Schools are not always set up to reflect what kids are truly passionate about. At home, however, parents can give their kids opportunities to learn about whatever excites them in the way they most prefer to learn it. And more importantly, parents should make time for their own pursuits as well, whether your child chooses to join you or not.

2. Understand the difference between knowing information and knowing how to learn.

“We are always trying to strike a balance between developing both of these areas of learning,” says Howell. She adds that there is something of a misconception that content learning and metacognition – thinking about learning – always go hand in hand, but knowing information is different than being able to know what to do when you need to find something out. It’s that second part that parents can emphasize outside of school by helping their child discover information online, through books, or other ways that reinforce independent thinking skills.

3. Know your child’s learning style.

We hear a lot about the different learning styles – visual, tactile, verbal, and so on – but that can be hard to understand in ourselves, much less our children. Howell says parents should think about where their kids are most engaged and attentive and talk with them to break down why. For example, if they love dance class, is it because they are able to move their bodies or because they are with likeminded peers? “Kids often know, and can be honest with you about it,” Howell says. Kids can gain a lot from their own insight – they know when they feel successful, and helping them see why that was and how it felt can help them understand how they learn best.

4. Get curious – together.

Curiosity – finding something that sparks your interest and finding out more about it – is the key to lifelong learning, Howell says. “There is so much that goes on in the world around us,” she says. “What do you do with that wondering?” Directing children how to find the resources they need – and for that matter, going on this learning journey with them – helps them fall in love with seeking knowledge.

5. Stick with it.

It’s not just curiosity that matters in lifelong learning, Howell says. It’s also the tenacity and stamina to keep looking for answers to your questions – and to come up with new ones. “In the past, adults were keepers of information, but now in the world we live in children are much better able to access avenues to find information themselves,” she says. Parents should be a partner in finding that book at the library or looking at a website – or even finding the parent in your community who is an expert in the subject your child is interested in and letting them ask the questions. The key is to keep them engaged even when they hit dead ends.
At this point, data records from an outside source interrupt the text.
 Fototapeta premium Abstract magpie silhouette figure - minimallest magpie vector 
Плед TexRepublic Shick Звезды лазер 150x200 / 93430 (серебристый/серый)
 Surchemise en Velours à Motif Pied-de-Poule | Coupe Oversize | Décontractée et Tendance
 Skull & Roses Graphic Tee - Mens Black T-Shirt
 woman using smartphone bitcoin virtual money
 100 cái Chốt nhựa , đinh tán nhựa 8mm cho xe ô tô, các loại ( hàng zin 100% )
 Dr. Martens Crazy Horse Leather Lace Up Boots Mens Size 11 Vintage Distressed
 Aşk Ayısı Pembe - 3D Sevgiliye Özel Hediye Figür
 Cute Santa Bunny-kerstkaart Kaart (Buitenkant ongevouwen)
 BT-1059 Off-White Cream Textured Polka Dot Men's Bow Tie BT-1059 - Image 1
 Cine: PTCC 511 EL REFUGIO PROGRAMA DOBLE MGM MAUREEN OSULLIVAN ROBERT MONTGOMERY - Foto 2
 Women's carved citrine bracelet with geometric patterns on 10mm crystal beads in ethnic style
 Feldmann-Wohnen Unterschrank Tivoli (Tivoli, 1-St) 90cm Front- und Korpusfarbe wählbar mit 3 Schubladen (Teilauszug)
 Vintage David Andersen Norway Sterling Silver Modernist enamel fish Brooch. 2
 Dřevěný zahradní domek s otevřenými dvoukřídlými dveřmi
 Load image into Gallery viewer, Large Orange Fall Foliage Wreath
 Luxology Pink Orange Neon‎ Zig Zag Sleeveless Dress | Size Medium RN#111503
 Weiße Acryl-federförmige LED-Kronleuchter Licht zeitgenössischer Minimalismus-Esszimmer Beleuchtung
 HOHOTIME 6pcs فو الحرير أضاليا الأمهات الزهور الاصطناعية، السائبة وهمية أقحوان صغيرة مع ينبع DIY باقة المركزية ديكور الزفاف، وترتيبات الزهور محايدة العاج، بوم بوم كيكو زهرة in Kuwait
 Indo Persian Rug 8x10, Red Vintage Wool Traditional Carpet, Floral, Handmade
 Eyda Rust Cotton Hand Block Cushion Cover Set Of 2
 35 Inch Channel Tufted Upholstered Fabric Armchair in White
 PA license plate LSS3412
6. Connect school and home.

Howell suggests parents talk with their child’s teacher about things that they are doing in the classroom and then having conversations about it at home. While many kids will mumble “nothing” when asked a broad question about what happened in school that day, they will respond to a question about a specific topic. For example, when her students were talking about the treatment of Native Americans by white settlers, Howell let parents know and suggested they start a conversation at home. Parents can then help if their child has further questions or wants to talk through it, which helps reinforce the message that learning doesn’t stop once they climb into the car after school.

7. Help them understand that many types of skills can lead to success.

“Ultimately the skills we are hoping to develop in these students are changing all the time in the world we live in,” Howell says. “I think hopefully in time there will be a greater variety of skills that will be factored into academic success.” More to the point, different types of skills that lead to lifelong learning can make a child successful. For example, a child who is very social and has a gift with people can find themselves very successful on a research team or in the business world, while a student who likes to work alone and stay focused on one thing can be the person who solves a problem that has an impact on the world.

8. Don’t push too hard.

Often parents can be so eager to keep the learning going outside the classroom that they get into “lecture mode” and their child tunes out. Remember that by the time kids get home from school, they are tired and need some downtime to recharge. “For better or worse, teachers have children at the best hours of the day,” says Howell. “There is so much pressure to keep kids involved, and a parent’s role can just be inviting them to take a breath.”

9. Let them teach you.

At Roeper, one of the final projects Howell’s class does at the end of the year is a “passion project.” Each child chooses a topic they are really excited about and teaches their classmates about it. They’re encouraged to explore beyond what they already know by researching another aspect of it – the ethics of soccer players, for example, or the historical context behind a favorite book. The students enthusiastically embrace this opportunity. So rather than tuning out when your kid talks about Minecraft or Marvel, start asking some questions and encourage them to dig deeper and then tell you about what they learn.

10. Model lifelong learning yourself – even if you don’t think you know how.

“Demonstrate that as a family you value curiosity and pursing interests and passions, whether its reading the newspaper or watching 60 Minutes or knowing all the stats in a football game,” Howell says. Showing that you are curious enough about something and interested enough in that thing to gain mastery of it can have a huge influence on the adults your children will become.